See p. 1 of the May 22,
2000 affidavit of Herbert S. Subin (the "Subin Aff.") and ¶4 of the August
8, 2000 affirmation of Susan J. Pogoda (the "Pogoda Aff."). Nor is it contested
that claimant failed to serve the claim on CUNY. See p. 1 of the Subin Aff. and
¶7 of the Pogoda Aff.
Section 11 of the Act provides that in any action against CUNY, a copy of the
claim must be timely served, either personally, or by certified mail, return
receipt requested, on both CUNY and the Attorney General. "It is well
established that compliance with sections 10 and 11 of the Court of Claims Act
pertaining to the timeliness of filing and service requirements respecting
claims and notices of intention to file claims constitutes a jurisdictional
prerequisite to the institution and maintenance of a claim against the State,
and accordingly, must be strictly construed . . ." Byrne v State of New
York, 104 AD2d 782, 783, 480 NYS2d 225, 227 (2d Dept 1984), lv
denied, 64 NY2d 607, 488 NYS2d 1023 (1985) (citations omitted). As Dobrin
failed to serve CUNY with his claim, this Court lacks jurisdiction over such
claim and it must be dismissed. Nor is there any authority for permitting
claimant to now belatedly serve his claim on CUNY.
As to claimant's request for permission to treat his notice of intention as a
claim pursuant to §10.8(a) of the Act, that section provides as
A claimant who timely serves and files a notice of intention but who fails to
timely serve or file a claim may, nevertheless, apply to the court for
permission to treat the notice of intention as a claim. The court shall not
grant such application unless: it is made before an action asserting a like
claim against a citizen of the state would be barred under the provisions of
article two of the civil practice law and rules; the notice of intention was
timely served and filed, and contains facts sufficient to constitute a claim;
and the granting of the application would not prejudice the defendant.

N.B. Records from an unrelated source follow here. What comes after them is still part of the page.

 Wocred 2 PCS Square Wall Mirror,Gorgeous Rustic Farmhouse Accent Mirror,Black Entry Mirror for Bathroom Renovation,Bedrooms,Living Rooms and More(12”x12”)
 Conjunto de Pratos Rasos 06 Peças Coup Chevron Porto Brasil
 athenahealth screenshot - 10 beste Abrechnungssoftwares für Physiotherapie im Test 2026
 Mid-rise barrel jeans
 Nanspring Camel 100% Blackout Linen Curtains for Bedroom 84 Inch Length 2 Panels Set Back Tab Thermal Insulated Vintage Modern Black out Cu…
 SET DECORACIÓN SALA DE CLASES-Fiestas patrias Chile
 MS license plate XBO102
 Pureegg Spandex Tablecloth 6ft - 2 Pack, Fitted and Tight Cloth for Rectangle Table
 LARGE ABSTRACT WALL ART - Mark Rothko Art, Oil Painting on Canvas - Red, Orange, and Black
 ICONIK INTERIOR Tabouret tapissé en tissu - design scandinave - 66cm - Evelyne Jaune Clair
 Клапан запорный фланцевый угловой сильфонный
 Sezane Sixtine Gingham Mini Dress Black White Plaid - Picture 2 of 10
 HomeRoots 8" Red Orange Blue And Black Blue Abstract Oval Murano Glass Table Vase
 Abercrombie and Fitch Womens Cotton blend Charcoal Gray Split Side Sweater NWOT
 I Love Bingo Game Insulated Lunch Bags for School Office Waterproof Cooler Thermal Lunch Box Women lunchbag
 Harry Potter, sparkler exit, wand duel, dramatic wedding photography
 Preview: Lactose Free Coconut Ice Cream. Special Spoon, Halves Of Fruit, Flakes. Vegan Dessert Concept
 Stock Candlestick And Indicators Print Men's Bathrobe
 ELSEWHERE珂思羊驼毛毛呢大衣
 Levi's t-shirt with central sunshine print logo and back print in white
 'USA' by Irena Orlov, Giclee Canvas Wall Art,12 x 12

A threshold issue must be addressed, i.e., whether the relief offered by
§10.8(a) is available to Dobrin. The statute's very language refers to a
notice of intention that was timely served and filed. However, as of
August 2, 1995, the Act was amended to provide that notices of intention no
longer need be filed with the Clerk of the Court, but rather need only be
served, as was done by Dobrin. When the Act was so amended, the language of
§10.8(a) was not simultaneously amended to delete filing as a prerequisite
for treating a notice of intention as a claim. The issue thus arises as to
whether the Legislature impliedly revoked the remedy offered by §10.8(a)
when it so amended the Act; in this Court there is a split of authority thereon.
See Konviser v State of New York, 180 Misc 2d 174, 687 NYS2d 877 (Ct Cl
1999) and Muller v State of New York, 184 Misc 2d 500, 708 NYS2d 798 (Ct
Cl 2000). In view of the unsettled nature of the law as of this writing,
claimant may wish to consider making a motion pursuant to §10.6 of the Act,
which provides that the Court may grant a claimant permission to file and serve
a late claim upon consideration of certain statutory factors. In any event, a
motion pursuant to §10.6 of the Act must be made prior to the expiration of
the underlying statute of limitations for this kind of claim under article two
of the CPLR.
Accordingly, having reviewed the parties'
IT IS ORDERED that cross-motion
no. CM-62165 is granted and claim no. 101090 of Jared Dobrin is dismissed. IT
IS FURTHER ORDERED that motion no. M-61777 is denied without prejudice.